Visita la scheda completa e tutti gli altri testi di Luciano Rosario Capaldo

  • domenica alle ore 13:06
    Una poesia d'amore

    Una poesia d’amore

    ...è un cielo verticale,

    salgono,

    si radunano e si scontrano

    i miei nembi pensierosi,

    al dolore lacerante rivolti

    d’una terra sofferente,

    sodomizzata come una

    sgarbata prostituta.

    Paga l’unica colpa

    di subire il protettore sbagliato,

    l’uomo!

    Feriamo, invece, tutti noi!

    Nell’essere visionari,

    nella preghiera, non ci accorgiamo

    che stiamo uccidendo proprio quel Dio,

    venerato ed invisibile, e che a noi si manifesta

    tramite sua pelle...Terra!

    Una poesia d’amore

    Luciano Capaldo

  • 13 ottobre alle ore 19:14
    Tramonto

    La tua mancanza…
    il mio urlo sigillato nella bottiglia
    affidata alle onde,
    nella fissità del tempo,
    prima d’incontrare una riva di sabbia
    nell’evanescenza di un tramonto… il mio!
     

  • 10 ottobre alle ore 13:23
    Autunno

    S’accorcia la vita,

    ormai ristretta è

    ...l’estensione della luce.

    Le dita delle mani infreddolite

    le tende svelano un grigio e coprono

    finestre chiuse al silenzio bentornato,

    alla calda solitudine, mentre si annusa

    l’umidità e mi concentro su di te.

    Nei boschi, fra gli alberi ingialliti

    filtrano generosi... raggi di sole, e

    illuminano geometriche e setose strade

    dai ragni intesse.

    Si calpestano verdi ricci e castagne sparse,

    qua e là.

    La larga felpa grigia accoglie nel suo

    tepore il tuo bel corpo ancora un po’ ambrato,

    testimonianza di una calda estate

    trascorsa al mare...insieme.

    Autunno, ora, tempo di ceppi scoppiettanti

    e di amori che nascono fra profumi avviluppanti.

    Il nostro amore, invece, è e resterà

    confermato.

    Luciano Capaldo

     

  • 06 ottobre alle ore 19:03
    Da un canto a cappella

    ...un canto a cappella

    da un coro di ragazzi, improvvisato,

    in uno spazio limitato,

    sorrisi che ancor più addolciscono le note,

    dolci ed eleganti, i movimenti dei loro corpi

    ad accordare ed esaltare, non senza brividi,

    la semplice bellezza del respiro...quotidiano

    ...gratitudine, allora, dall’alba al crepuscolo che

    conduce variegatamente al tramonto e poi

    alla notte dove, chi ama, in genere, cerca le stelle

    oltrepassando il buio.

    Così, nel perché dell’esistenza

    ho imparato ad amare, anche il buio,

    che, di proposito, ci mostra le stelle.
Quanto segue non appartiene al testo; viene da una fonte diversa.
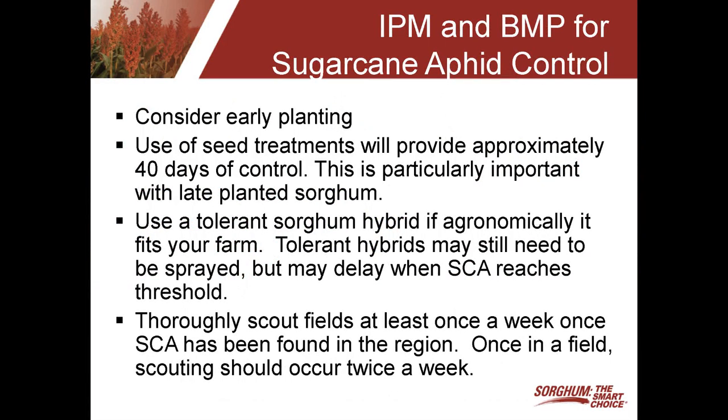One of the things you want to consider for sugarcane aphid management is planting date. Early planting is an option, and what we're trying to do with early planting is just to avoid the sugarcane aphid or delay when the sugarcane aphid infests the sorghum. In some cases, by early planting, you may be able to avoid the sugarcane aphid altogether, or at least postpone when it infests the sorghum to maybe the hard dough stage where it's not going to directly affect yield. So planting date is something that should be considered when thinking about how to control the sugarcane aphid.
    Luce donano al cuore e cammino

    alle nostre gambe...sempre.

    Da un canto a cappella.

    Luciano Capaldo

     

  • 30 settembre alle ore 12:37
    Enzo ( mio fratello )

    ...non il sangue fa la famiglia,

    senza l’odore delle persone,

    senza il rumore dei loro passi,

    nella vitale assenza, non avverti quel legame.

    E’ un’antica vecchia storia, questa,

    ma è il cuore che ha memoria

    e conserva e s’inventa odori e passi

    anche quando ti lasciano solo come un sasso.

    Esco di casa ogni dì, nella speranza

    sempre d’incontrarti, lungo il Viale,

    con quel tuo scomposto incedere, malconcio,

    e invano guardo, cerco

    ciò che non esiste e mai più esisterà.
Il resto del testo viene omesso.